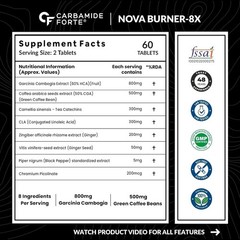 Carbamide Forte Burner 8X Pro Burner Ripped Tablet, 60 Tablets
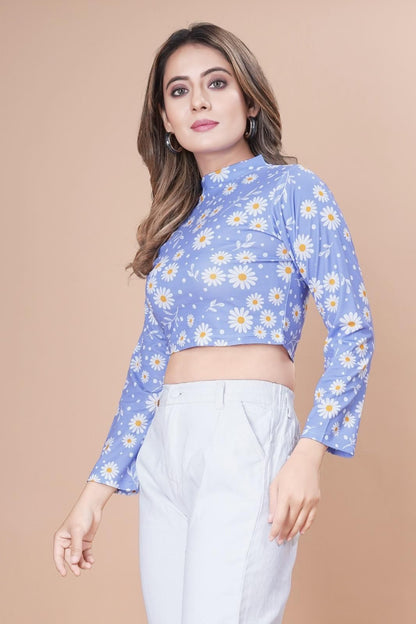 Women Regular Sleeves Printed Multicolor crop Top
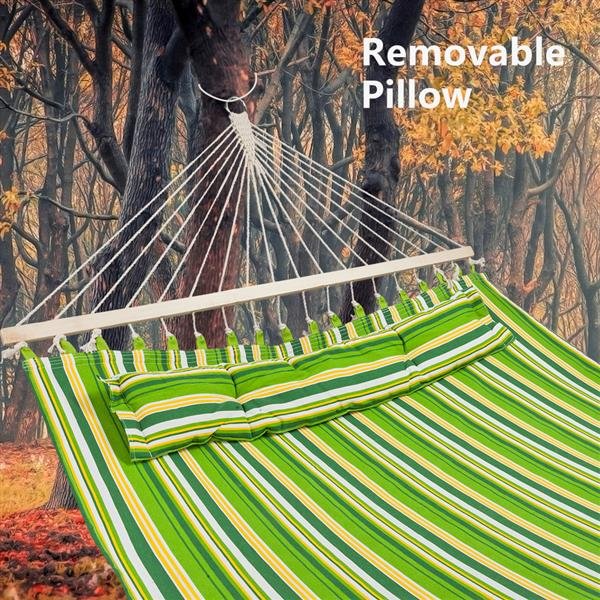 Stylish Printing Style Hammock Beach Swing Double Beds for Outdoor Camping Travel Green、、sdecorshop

= = =

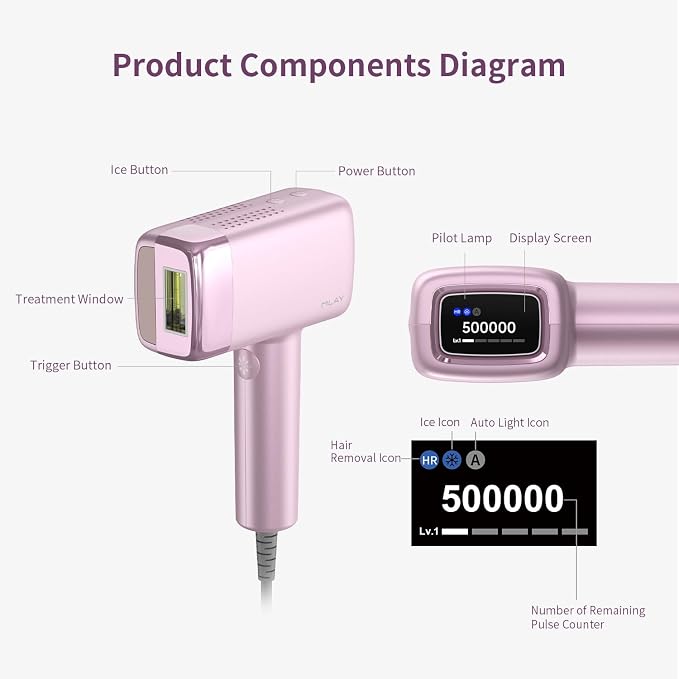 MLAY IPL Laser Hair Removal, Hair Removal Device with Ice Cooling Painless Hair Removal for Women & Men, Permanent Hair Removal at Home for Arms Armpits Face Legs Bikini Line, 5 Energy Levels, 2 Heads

= = =

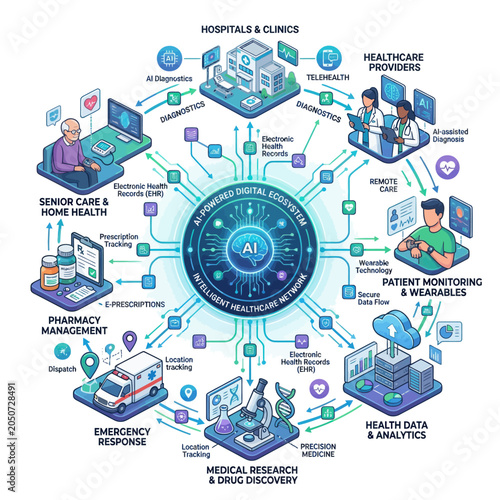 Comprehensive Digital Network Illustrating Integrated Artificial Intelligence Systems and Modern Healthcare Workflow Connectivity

= = =

● **Task item**: In the entries above, find the line containing "Carbamide Forte Burner" and the line containing "Stylish Printing Style"; give again exactly those two lines and every line between them, minus the pictures.

● **Answer for the task**:
 Carbamide Forte Burner 8X Pro Burner Ripped Tablet, 60 Tablets
 Women Regular Sleeves Printed Multicolor crop Top
 Stylish Printing Style Hammock Beach Swing Double Beds for Outdoor Camping Travel Green、、sdecorshop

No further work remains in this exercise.